To complement Steffen Ullrich's answer, note that:
- Historically, it was indeed possible to spoof anything you wanted, no one checked, everybody trusted everybody.
- However, with the rise of spam, phishing and other scams, SPF, DKIM and DMARC were introduced. Those allow a server to check if the sender does have the right to send mail with a sender in a given domain.
- To work, those require both the sender and the receiver to implement those methods.
- Most large e-mail providers will definitely implement at least one of the 3 methods on their side (as a receiver), and many organisations at risk of having people trying to impersonate them will implement at least one of the 3 methods on their side as well (as a sender).
- However, there are still both e-mail systems not checking either and domains without the appropriate setup.

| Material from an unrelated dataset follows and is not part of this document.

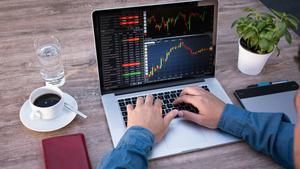 4K Laptop Monitoring Stock Market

So if you find a domain without SPF, DKIM or DMARC, you could send e-mail on behalf of that domain and not be rejected outright. Many e-mail providers will "trust" such e-mails less than others, and it has a larger chance of being handled as spam.
Likewise, you could send e-mail even "from" a domain protected with SPF, DKIM or DMARC to an e-mail system that doesn't check it.
But most definitely, if you want to send as Apple or Amazon to mailboxes managed by Google or Microsoft, that won't work. And that's the reason they use other domain names for this.